Donors were advised of that option in letters mailed out last week, Batson said Wednesday, adding he has yet to receive any responses.
In June, Friends of Duke Cunningham, the lawmaker's campaign committee, reported to the election commission that it had $672,114 in available cash.
Harmony Allen, Cunningham's congressional office chief of staff, said the cost of his legal defense could soar as high as $1.5 million. That's a steep tab for a lawmaker who earns an annual congressional salary of $162,100.
The possibility that Cunningham could use campaign funds to wage his legal battle has outraged the group Citizens for Ethics in Washington, which has asked the House of Representatives Committee on Standards of Official Conduct to initiate its own investigation of Cunningham.
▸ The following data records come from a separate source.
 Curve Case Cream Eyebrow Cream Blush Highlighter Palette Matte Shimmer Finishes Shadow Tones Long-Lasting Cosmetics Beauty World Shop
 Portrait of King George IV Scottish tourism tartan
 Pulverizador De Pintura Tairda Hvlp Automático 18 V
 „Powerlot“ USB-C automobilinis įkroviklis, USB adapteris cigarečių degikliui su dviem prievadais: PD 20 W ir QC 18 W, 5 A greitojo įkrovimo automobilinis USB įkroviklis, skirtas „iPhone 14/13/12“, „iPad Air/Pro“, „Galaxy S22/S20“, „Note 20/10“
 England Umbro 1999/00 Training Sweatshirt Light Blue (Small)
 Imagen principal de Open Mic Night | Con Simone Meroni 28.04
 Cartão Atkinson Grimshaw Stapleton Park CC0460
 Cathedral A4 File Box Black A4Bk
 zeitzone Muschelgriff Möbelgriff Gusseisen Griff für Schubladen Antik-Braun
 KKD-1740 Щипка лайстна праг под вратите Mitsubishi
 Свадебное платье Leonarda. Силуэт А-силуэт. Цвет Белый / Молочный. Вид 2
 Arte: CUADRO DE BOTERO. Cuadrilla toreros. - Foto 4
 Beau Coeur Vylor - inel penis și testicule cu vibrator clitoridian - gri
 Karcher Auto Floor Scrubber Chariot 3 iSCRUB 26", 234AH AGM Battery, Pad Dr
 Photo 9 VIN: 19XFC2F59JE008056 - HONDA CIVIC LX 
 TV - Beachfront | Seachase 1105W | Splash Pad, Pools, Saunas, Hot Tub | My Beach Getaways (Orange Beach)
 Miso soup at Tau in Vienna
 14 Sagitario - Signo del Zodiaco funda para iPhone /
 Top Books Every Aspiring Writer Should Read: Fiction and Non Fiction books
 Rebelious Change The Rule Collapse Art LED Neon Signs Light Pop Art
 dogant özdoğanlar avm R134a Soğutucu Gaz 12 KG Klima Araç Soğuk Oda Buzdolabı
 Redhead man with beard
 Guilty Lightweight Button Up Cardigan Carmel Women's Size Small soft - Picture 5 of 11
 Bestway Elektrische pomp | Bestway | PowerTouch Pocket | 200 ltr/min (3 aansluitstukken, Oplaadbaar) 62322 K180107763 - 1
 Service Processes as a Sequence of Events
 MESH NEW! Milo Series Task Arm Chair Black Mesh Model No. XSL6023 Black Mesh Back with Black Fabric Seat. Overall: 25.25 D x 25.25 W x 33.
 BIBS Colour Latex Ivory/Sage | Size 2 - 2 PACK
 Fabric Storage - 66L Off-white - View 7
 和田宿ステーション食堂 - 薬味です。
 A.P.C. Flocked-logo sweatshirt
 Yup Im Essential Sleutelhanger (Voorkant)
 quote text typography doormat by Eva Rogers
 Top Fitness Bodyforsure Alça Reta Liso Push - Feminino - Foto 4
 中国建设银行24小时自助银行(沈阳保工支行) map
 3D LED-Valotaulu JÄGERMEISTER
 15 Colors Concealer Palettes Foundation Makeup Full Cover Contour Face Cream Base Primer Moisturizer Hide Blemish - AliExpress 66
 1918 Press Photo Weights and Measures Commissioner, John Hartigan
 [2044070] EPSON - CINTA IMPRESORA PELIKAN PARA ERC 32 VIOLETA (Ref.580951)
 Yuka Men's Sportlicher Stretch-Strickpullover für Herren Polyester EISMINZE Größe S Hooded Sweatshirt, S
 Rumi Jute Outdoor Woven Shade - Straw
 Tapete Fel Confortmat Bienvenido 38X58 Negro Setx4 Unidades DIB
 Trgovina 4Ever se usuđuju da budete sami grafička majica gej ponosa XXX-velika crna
"It seems like a problem that money Cunningham got from MZM can now be used to defend his conduct with MZM," Sloan said in reference to contributions to Cunningham from the company.
Sloan also said the commission "bends the rules" to allow lawmakers to tap campaign funds to pay legal bills.
"This is an example of that," Sloan said. "When people give money to candidates, it's because they like their policies and want to see something done in Congress, not because they want to see it used for defraying legal bills."
The nonpartisan group Sloan heads will probably write a letter to the election commission opposing use of the campaign funds to pay attorneys, she added.
Another source of money for the attorneys could be the $2.5 million Rancho Santa Fe estate-style home Cunningham bought in 2004, but said last month that he will sell.
Another is his company, Top Gun Enterprises Inc., which until recently sold a book he authored about his career as an ace U.S. Navy fighter pilot during the Vietnam War.
Top Gun Enterprises also was selling a Buck knife emblazoned with the congressional seal. The Web site that conducted the company's sales suspended operation after it was reported that Cunningham did not appear to have permission to use that seal, which Congress forbids placing on commercial products.
In his latest financial disclosure statement required of all federal lawmakers, Cunningham placed the value of his company at between $500,000 and $1 million.